Print the records exactly and in full, please; the pictures stay out.
------
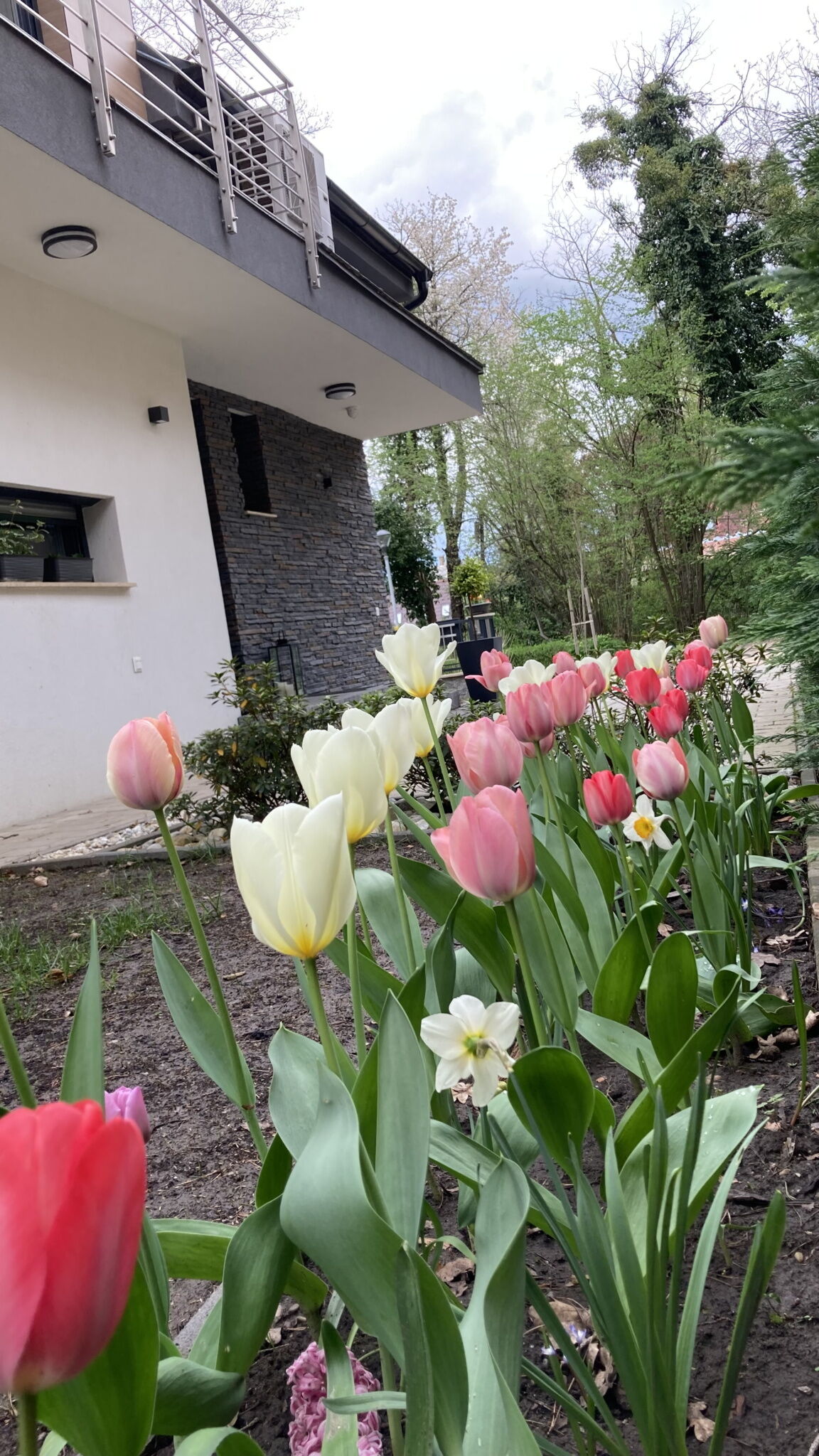 Peace of mind cottage – Tata fotó 31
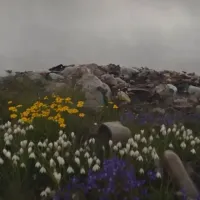 Siyaset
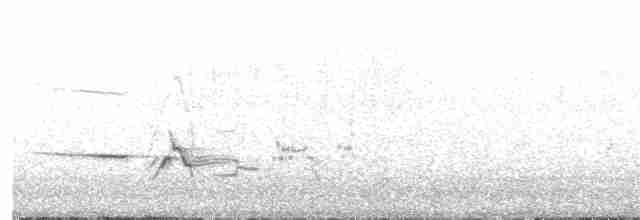 Дрізд-короткодзьоб плямистоволий - ML586717931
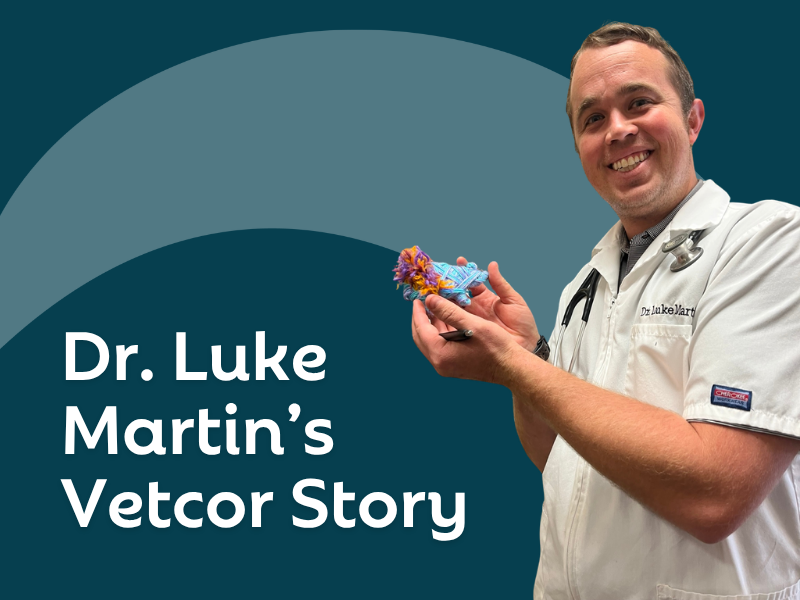 Living Our Values: Dr. Luke Martin’s Vetcor Story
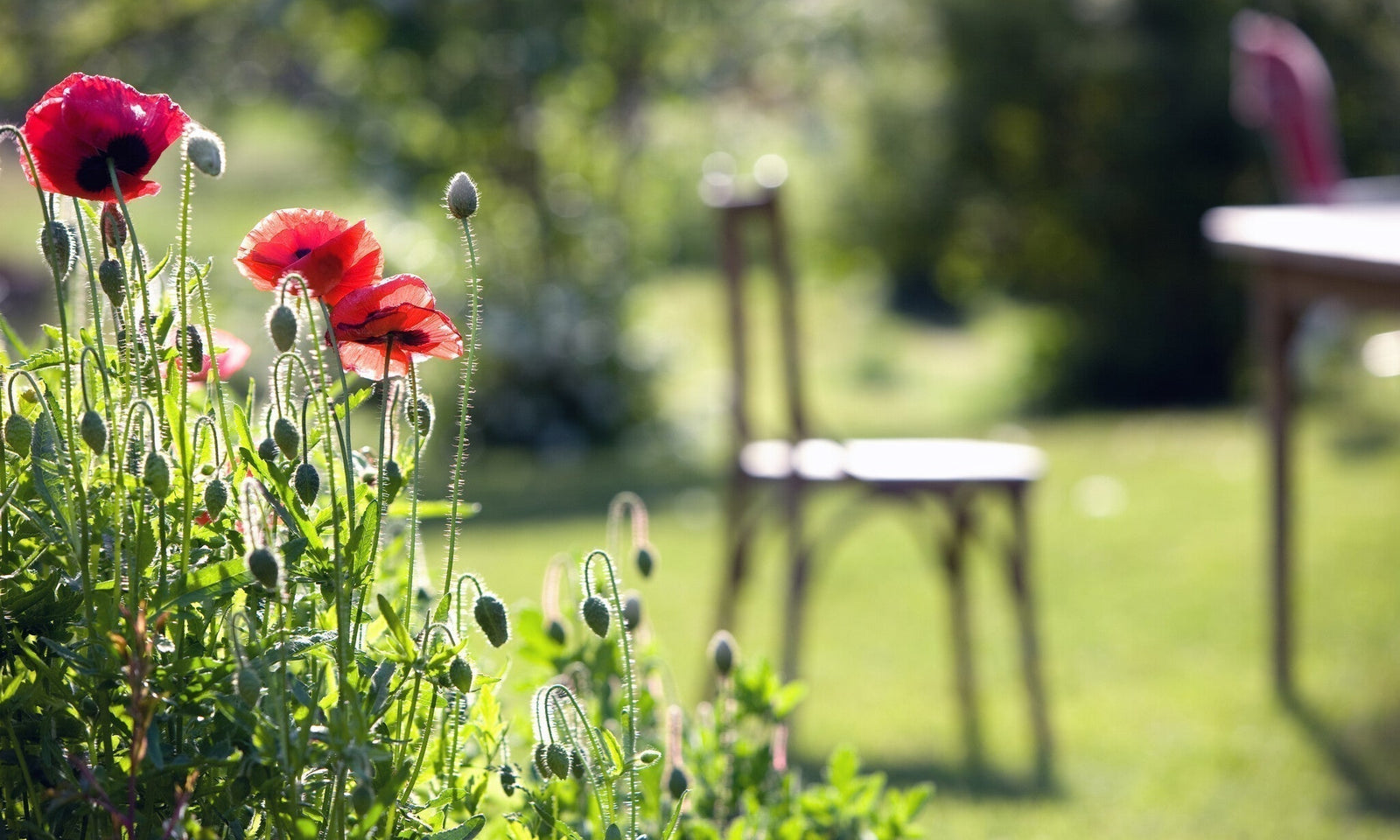 In 5 Schritten zum grünen Garten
------
→ **Exercise result**
 Peace of mind cottage – Tata fotó 31
 Siyaset
 Дрізд-короткодзьоб плямистоволий - ML586717931
 Living Our Values: Dr. Luke Martin’s Vetcor Story
 In 5 Schritten zum grünen Garten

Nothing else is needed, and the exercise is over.